▶ [Goal of the exercise]: Give the records again word for word. Leave every picture out.

[Dataset excerpts]

■ ■ ■ ■ ■ ■ ■

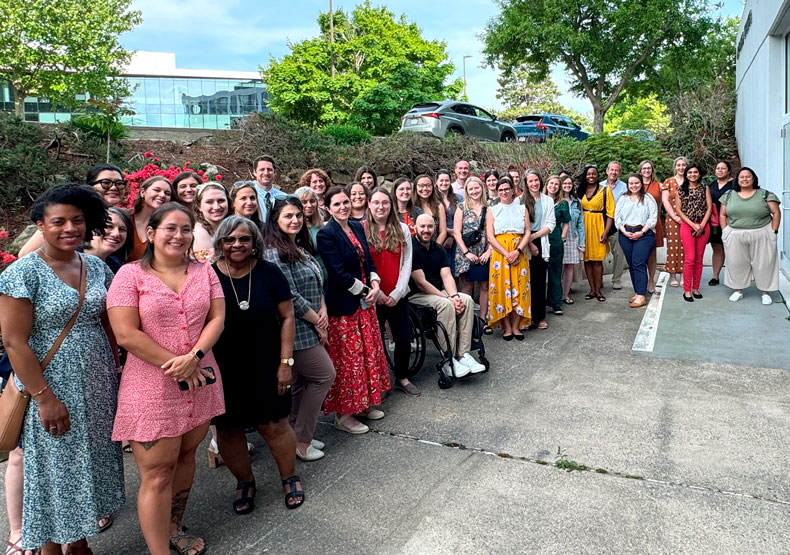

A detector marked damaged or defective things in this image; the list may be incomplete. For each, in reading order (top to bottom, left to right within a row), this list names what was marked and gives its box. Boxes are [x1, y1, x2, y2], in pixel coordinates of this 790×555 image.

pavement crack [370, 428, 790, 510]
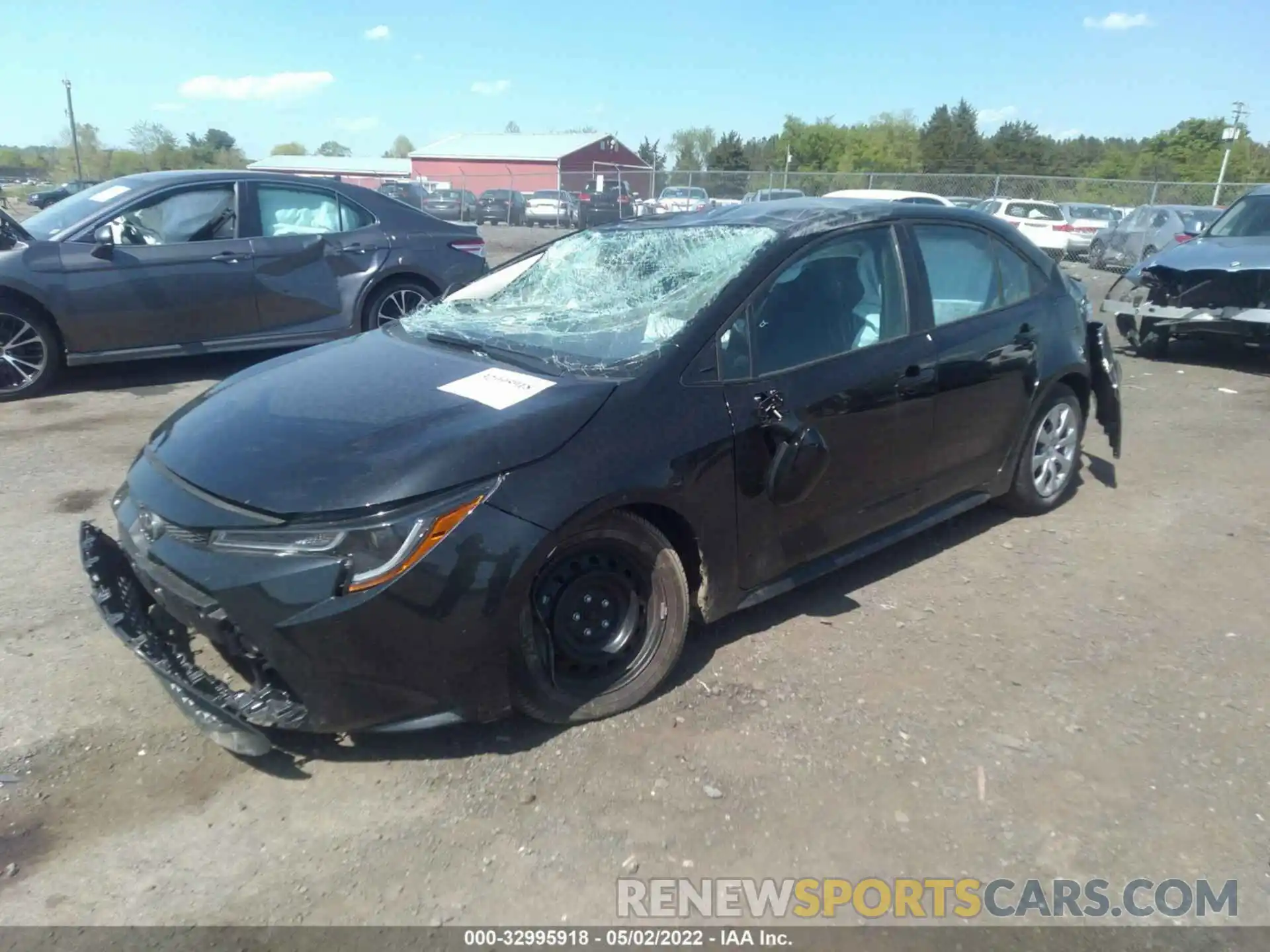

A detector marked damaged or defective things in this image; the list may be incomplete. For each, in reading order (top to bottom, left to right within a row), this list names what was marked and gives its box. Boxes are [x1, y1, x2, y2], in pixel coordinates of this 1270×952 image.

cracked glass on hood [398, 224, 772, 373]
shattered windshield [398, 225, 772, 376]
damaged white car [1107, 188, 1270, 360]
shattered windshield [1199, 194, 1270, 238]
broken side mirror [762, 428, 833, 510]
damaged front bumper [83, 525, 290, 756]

■ ■ ■ ■ ■ ■ ■

▶ [Solution to this exercise]:
A detector marked damaged or defective things in this image; the list may be incomplete. For each, in reading order (top to bottom, left to right within a row), this list names what was marked and gives its box. Boxes are [x1, y1, x2, y2], in pixel coordinates of this 790×555 image.

pavement crack [370, 428, 790, 510]

A detector marked damaged or defective things in this image; the list may be incomplete. For each, in reading order (top to bottom, left to right within a row), this list names what was marked and gives its box. Boxes are [x1, y1, x2, y2], in pixel coordinates of this 1270×952 image.

cracked glass on hood [398, 224, 772, 373]
shattered windshield [398, 225, 772, 376]
damaged white car [1107, 188, 1270, 360]
shattered windshield [1199, 194, 1270, 238]
broken side mirror [762, 428, 833, 510]
damaged front bumper [83, 525, 290, 756]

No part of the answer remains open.